START SUPPLIED INFORMATION

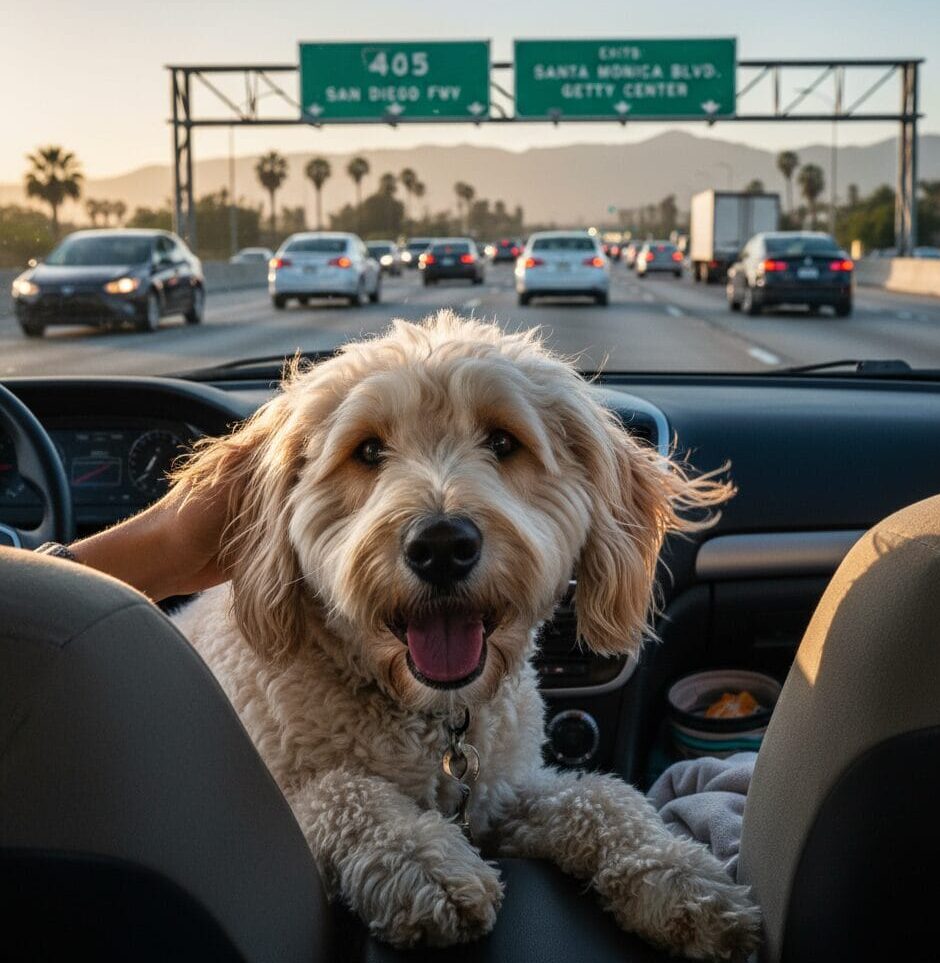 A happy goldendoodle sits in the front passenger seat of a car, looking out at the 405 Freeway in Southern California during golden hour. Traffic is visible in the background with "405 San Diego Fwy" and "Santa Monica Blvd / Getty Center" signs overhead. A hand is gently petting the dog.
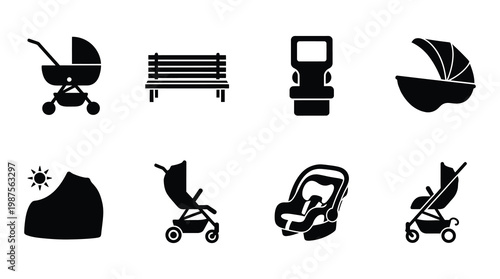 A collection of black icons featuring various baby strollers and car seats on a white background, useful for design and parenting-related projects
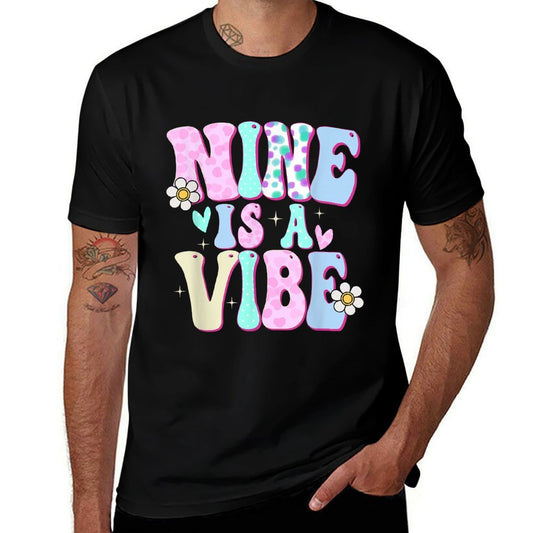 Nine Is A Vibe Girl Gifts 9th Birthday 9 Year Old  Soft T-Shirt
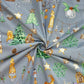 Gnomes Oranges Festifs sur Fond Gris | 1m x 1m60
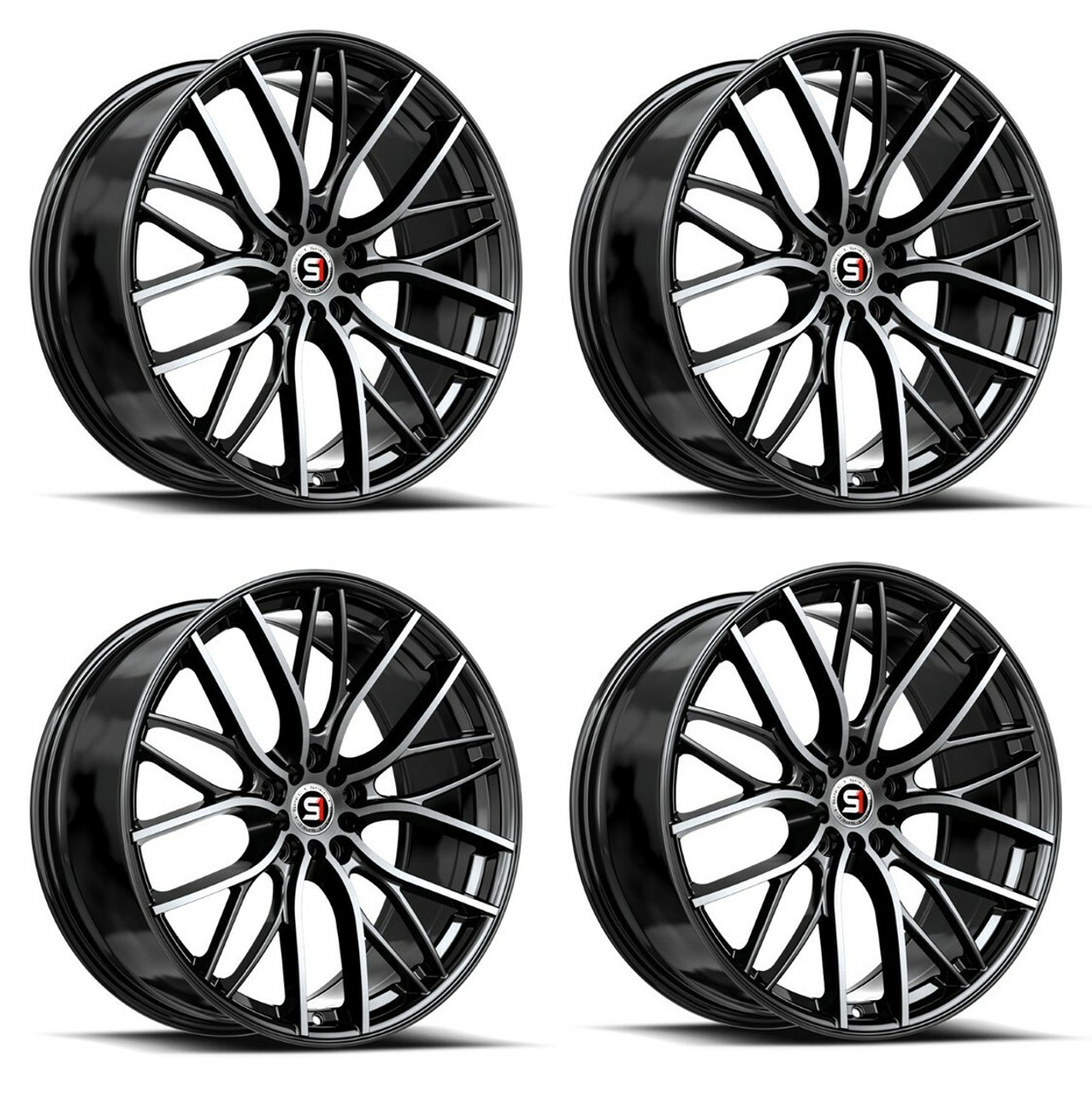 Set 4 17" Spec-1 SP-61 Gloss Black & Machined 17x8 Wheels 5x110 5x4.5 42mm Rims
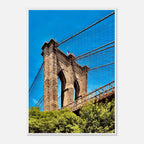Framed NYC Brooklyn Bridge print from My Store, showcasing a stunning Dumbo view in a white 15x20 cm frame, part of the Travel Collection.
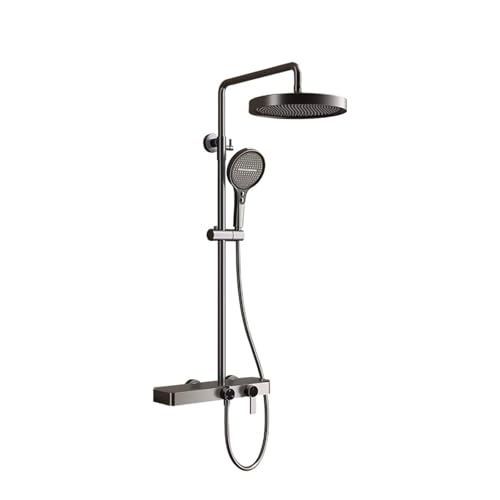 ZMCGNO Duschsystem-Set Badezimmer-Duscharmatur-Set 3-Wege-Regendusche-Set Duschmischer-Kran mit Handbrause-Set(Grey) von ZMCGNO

END SUPPLIED INFORMATION
START SUPPLIED INFORMATION

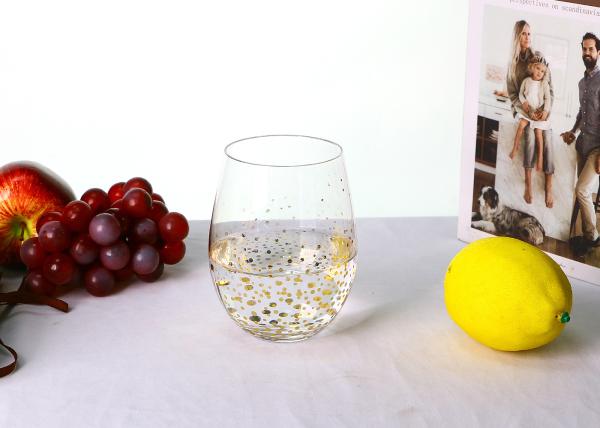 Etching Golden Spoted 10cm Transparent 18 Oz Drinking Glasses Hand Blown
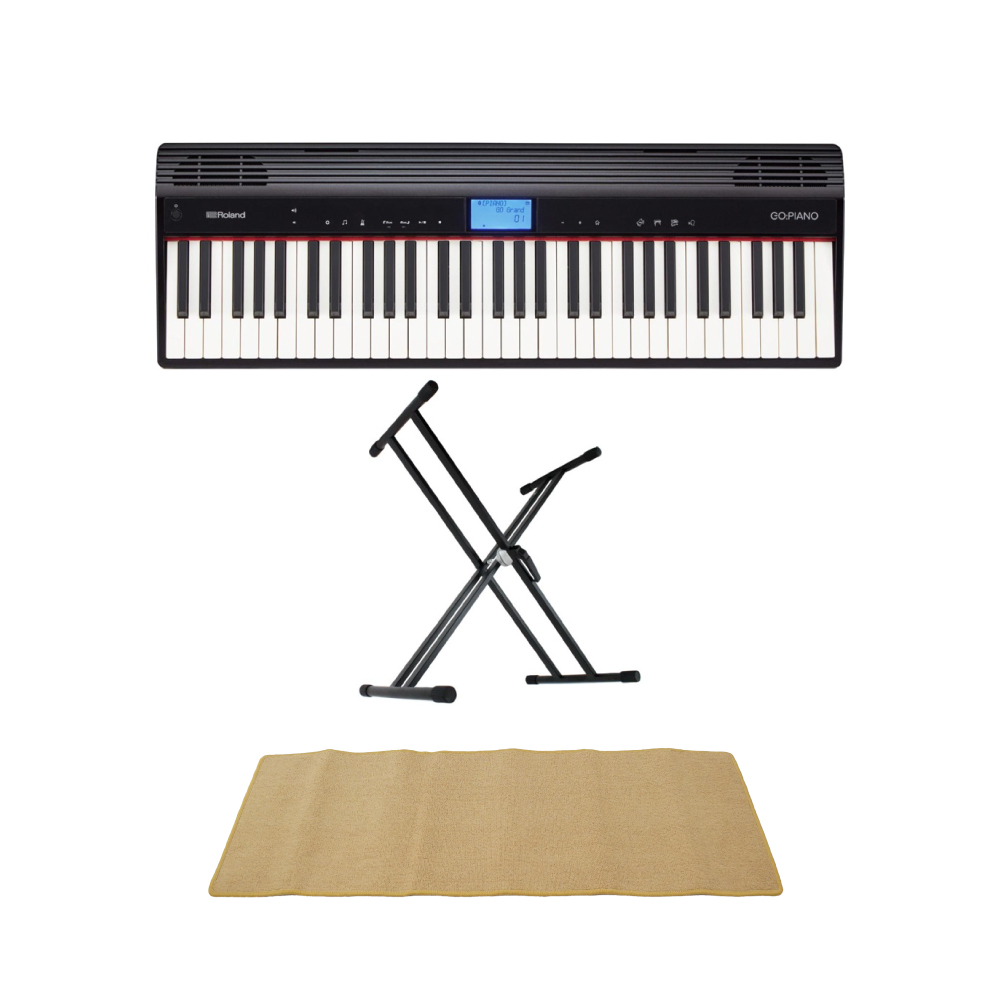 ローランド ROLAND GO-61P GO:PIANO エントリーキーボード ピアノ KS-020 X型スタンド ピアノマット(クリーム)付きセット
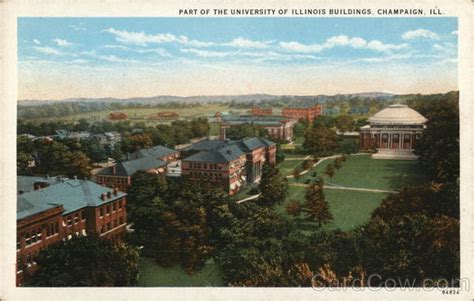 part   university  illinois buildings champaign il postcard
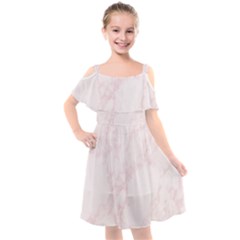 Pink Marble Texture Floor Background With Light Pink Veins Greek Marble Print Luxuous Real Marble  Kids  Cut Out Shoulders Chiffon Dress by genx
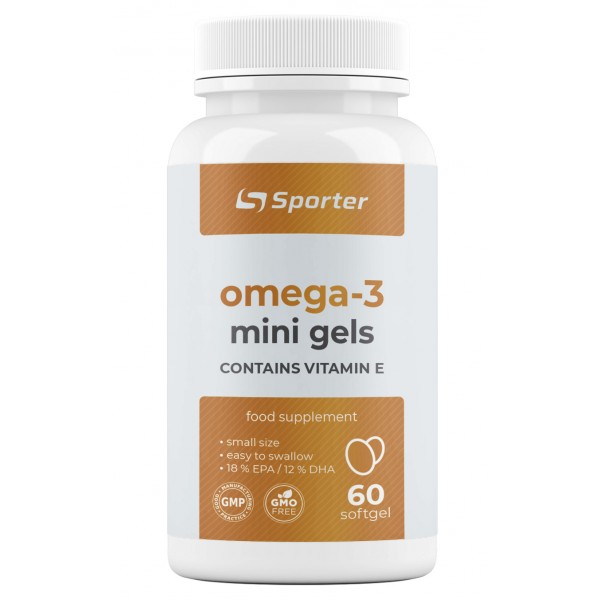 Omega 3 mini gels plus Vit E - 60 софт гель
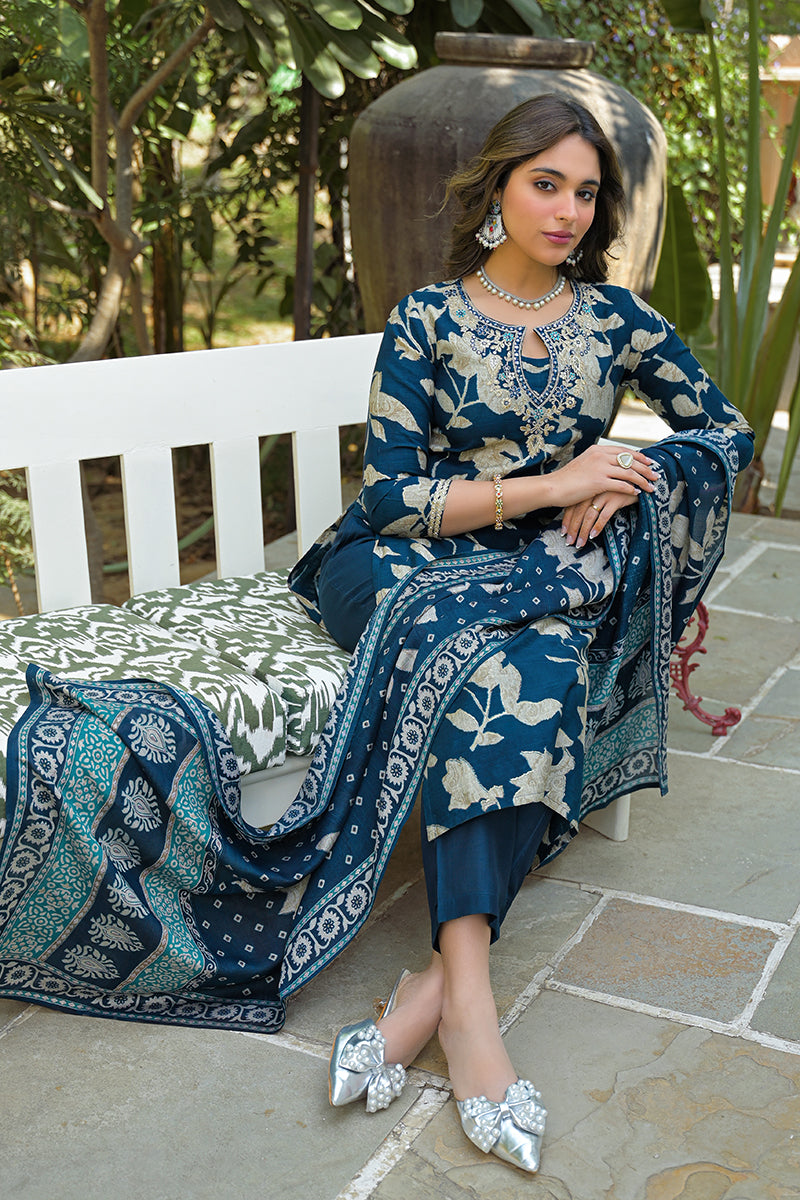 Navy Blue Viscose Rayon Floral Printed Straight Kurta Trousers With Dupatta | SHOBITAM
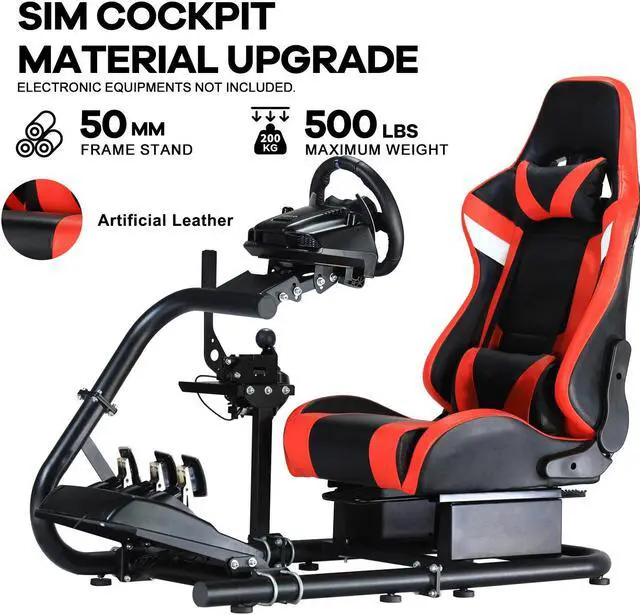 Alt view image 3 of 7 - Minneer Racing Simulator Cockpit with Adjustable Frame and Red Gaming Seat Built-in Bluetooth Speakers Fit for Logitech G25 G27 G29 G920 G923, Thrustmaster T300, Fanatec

END SUPPLIED INFORMATION
START SUPPLIED INFORMATION

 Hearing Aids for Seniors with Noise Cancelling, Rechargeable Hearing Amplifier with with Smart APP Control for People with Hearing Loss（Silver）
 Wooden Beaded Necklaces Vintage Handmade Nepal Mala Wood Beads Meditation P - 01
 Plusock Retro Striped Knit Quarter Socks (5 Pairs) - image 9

END SUPPLIED INFORMATION

## TASK DIRECTIONS
From the entries above, give again exactly the lines running from the line with "Wooden Beaded Necklaces" to the line with "Plusock Retro Striped"; include both of those lines.

## EXPECTED OUTPUT
 Wooden Beaded Necklaces Vintage Handmade Nepal Mala Wood Beads Meditation P - 01
 Plusock Retro Striped Knit Quarter Socks (5 Pairs) - image 9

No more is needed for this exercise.